In any event, it seems to me that where the Court of Appeal Rules provide that the notice of appeal should be filed in the court below, the fees applicable must be the fees prescribed by the court in which the process is filed. It may be necessary for the court of Appeal Rules to specify that the schedule of fees for the filing of a notice of appeal in the Court of Appeal relates to any notice of appeal filed in that court, for instance, pursuant to an order for extension of time to appeal or to seek leave to appeal, or where a notice of appeal to the Supreme Court is filed in the Registry of the Court of Appeal pursuant to Order 2 Rule 30 of the Supreme Court Rules 2008.
Section 248 of the 1999 constitution (as amended) provides as follows:
“248. Subject to the provisions of any Act of the National Assembly, the president of the Court of Appeal may make rules for regulating the practice of the Court of Appeal.”
It follows, in my humble view, that the Court of Appeal cannot regulate the filing fees in respect of processes filed in the High court. Furthermore, Order 20 Rule 3 (1) and (2) of the Court of Appeal Rules provides as follows:
(1) The court may, in an exceptional circumstance, and where it considers it in the interest of justice so to do, waive compliance by the parties with these Rules or any part thereof.
(2) Where there is such waiver of compliance with the Rules, the court may, in such manner as it thinks right, direct the Appellant or the Respondent as the case may be, to remedy such non-compliance or may, notwithstanding, order the appeal to proceed or give such directions as it considers necessary in the circumstance. (Emphasis mine)
I am of the considered view that, even if the fees paid were insufficient, this case is one of such circumstances where this provision should have been invoked, All courts of law have a responsibility to do substantial justice. The Rules of court are to be used as hand-maids of justice and should not become a clog in the wheel of justice. See: Banna vs. Telepower (Nig) Ltd. (2006) 15 NWLR (Pt.1001) 198 @ 217 D – F; Willoughby vs. I.M.B. (Nig.) Ltd (1987) 1 NWLR (Pt.48) 105 @ 131 H.

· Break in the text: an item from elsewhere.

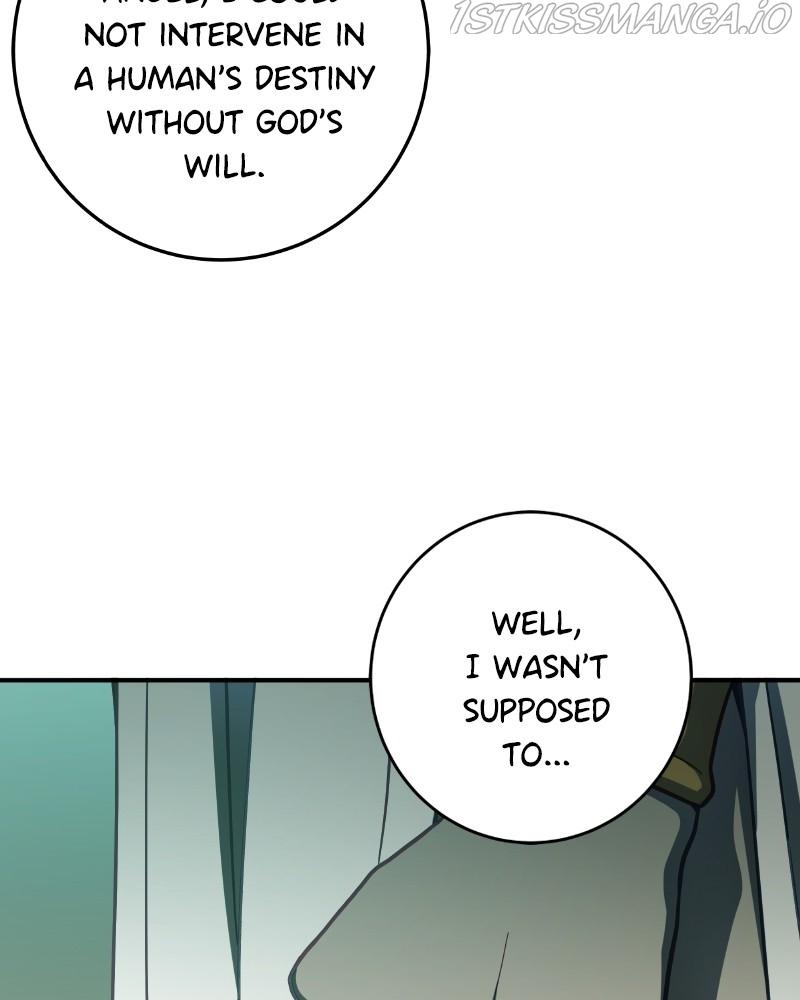 Chapter 63 - Image 81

It was a grave miscarriage of justice for the appeal to have been struck out on the grounds of insufficient filing fees when the appellants had paid the amount assessed by the High Court Registry and in a situation where the court raised the issue suo motu without affording the parties a hearing.

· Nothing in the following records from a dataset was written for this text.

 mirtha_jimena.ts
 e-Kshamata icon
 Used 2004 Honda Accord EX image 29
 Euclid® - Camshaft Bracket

It is for these and the more comprehensive reasons advanced in the lead judgment that I also find merit in the appeal, I hereby allow it. I abide by the consequential orders including the order as to costs.

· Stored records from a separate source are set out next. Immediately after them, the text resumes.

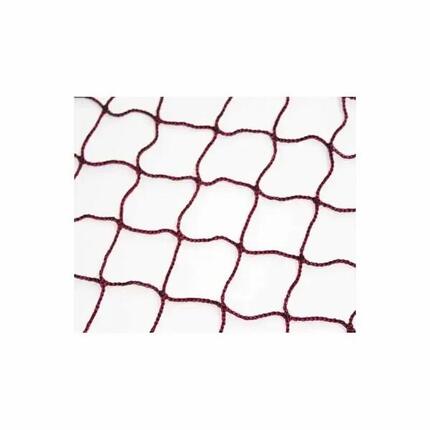 Siatka do badmintona Softee Sencilla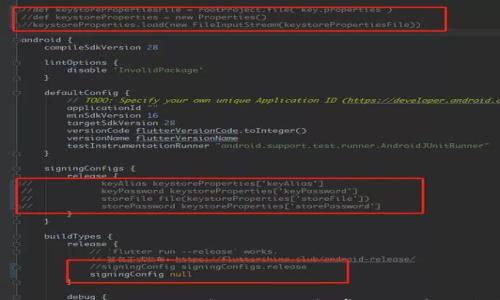 

Tokenim挖矿不显示？解决方案和常见故障排查指南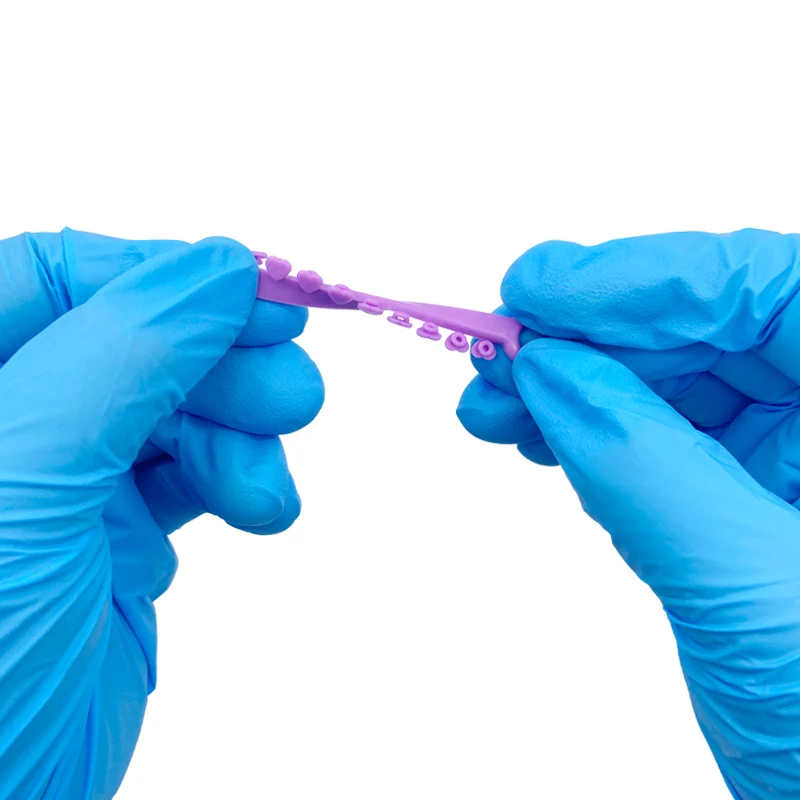 Рисунок 3 - 20 палочек/коробка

IBRAHIM TANKO MUHAMMAD, J.S.C.: I read in advance the judgment just delivered by my learned brother, M. D. Muhammad, JSC. I agree with my lord’s reasoning and conclusion which I adopt. I abide by all orders made in the lead judgment.
COUNSELS
C. I. Enweluzo for Appellant
F. I. Igwe for the 1st-3rd Respondent.
Dr. Innocent Ekwu, Anthony Njoku, Maureen Apali Eze (Mrs.), Ogaranya Imegi, Godwin Owoicho, Ojika Adamma for the 4th Respondent.